LEAP Turns One: A Year In Review
In 2015, the Annie E. Casey Foundation and the Corporation for National and Community Service’s Social Innovation Fund launched Learn and Earn to Achieve Potential (LEAP)™. This ambitious multimillion-dollar initiative set out to boost employment and education opportunities for young people who were navigating some of life’s most challenging circumstances, including involvement in the child welfare or justice systems and homelessness.
After one year of implementation, Casey checks in on LEAP’s early results and finds that there’s plenty to celebrate.
Who’s Using LEAP?
More than 1,200 young people have enrolled in LEAP. Men make up 47% of this population and, while the initiative is open to youth ages 15 to 25, the average participant is 18 years old.
Most enrollees (67%) have never been employed. Many are youth of color (39% are African American; 23% are Hispanic and 13% are multi-racial; just 18% are white).
Nearly 40% of all LEAP participants have crossed paths with the child welfare system and nearly 30% have experienced both the child welfare and justice systems.
LEAP youth have also stepped into leadership roles to guide the initiative’s recruitment, engagement and retention strategies. Four young leaders are advising LEAP’s national efforts and there are more than 250 young people in local leadership roles. In October 2017, the young leaders led several workshops involving more than 80 partners at a national conference in Phoenix.
LEAP’s work is fueled by 10 local partnerships operating in 77 service locations across 49 cities and eight states.
The LEAP network also spans four national organizations — Jobs for America’s Graduates, Jobs for the Future, MDRC and School & Main Institute — and hundreds of cross-sector partners. This diverse support system includes employers, government organizations and workforce development entities as well as child welfare and justice agencies, post-secondary institutions and K‑12 schools and districts.
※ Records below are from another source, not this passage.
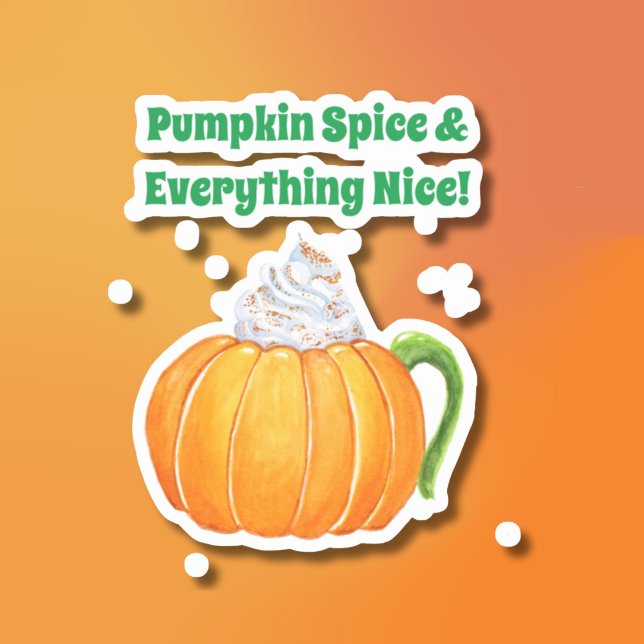 Sticker Latte au Pumpkin Spice aquarelle  (Créateur téléchargé)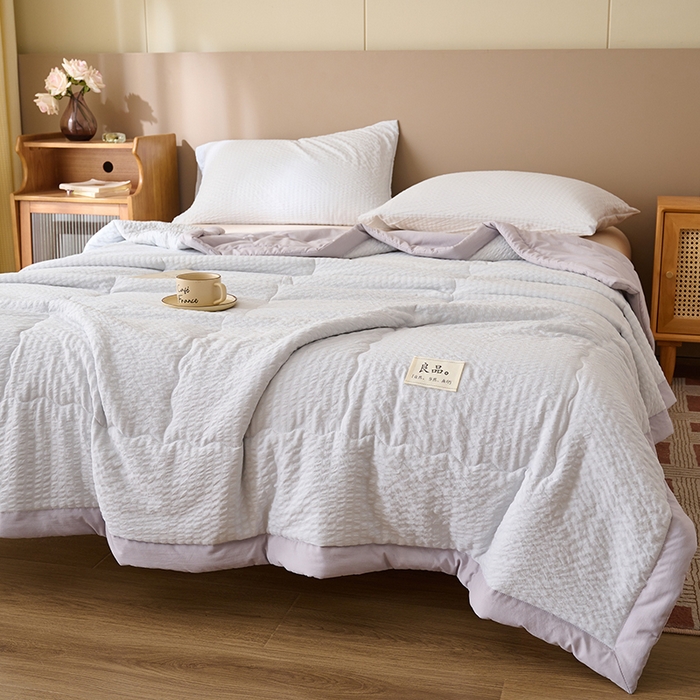 91家纺网 家纺一手货源 找家纺 畅销被业 2026新款水洗棉泡泡格夏被 泡泡格-浅灰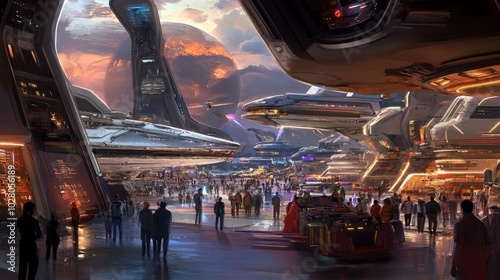 Futuristic spaceport bustling with diverse travelers and advanced spacecraft.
Together, these partners are making crucial system and policy changes to reduce the barriers that youth experience as they pursue postsecondary education and employment.
- partners now receive trainings on trauma-informed care to ensure that encounter caring adults in a variety of settings;
- postsecondary admissions and financial aid staff are using early warning systems to proactively address challenges, such as housing instability and food insecurity, that may thwart student success;
- organizations are working across agency lines to support older youth and young adults who have transitioned from foster care; and
- LEAP alumni networks have formed to help mentor new enrollees.
By September 2017, participants were reaching key milestones in school and work, and these year-one results bested the initiative’s baseline numbers.
Early successes include:
- 298 youth pursuing a post-secondary education;
- 270 youth securing employment;
- 239 youth participating in an internship, on-the-job learning program or other advanced training; and
- 80 youth earning their high-school diploma or a GED equivalent.
“This data tells a story about the persistence, power and resiliency of LEAP youth and our partners’ dedication and collaborative spirits,” says Patrice Cromwell, director of strategic initiatives at the Casey Foundation. “In just over a year, we’ve already started to see what’s possible when young people have caring adults in their lives and the right support services behind them. We couldn’t be more excited to see what year two holds.”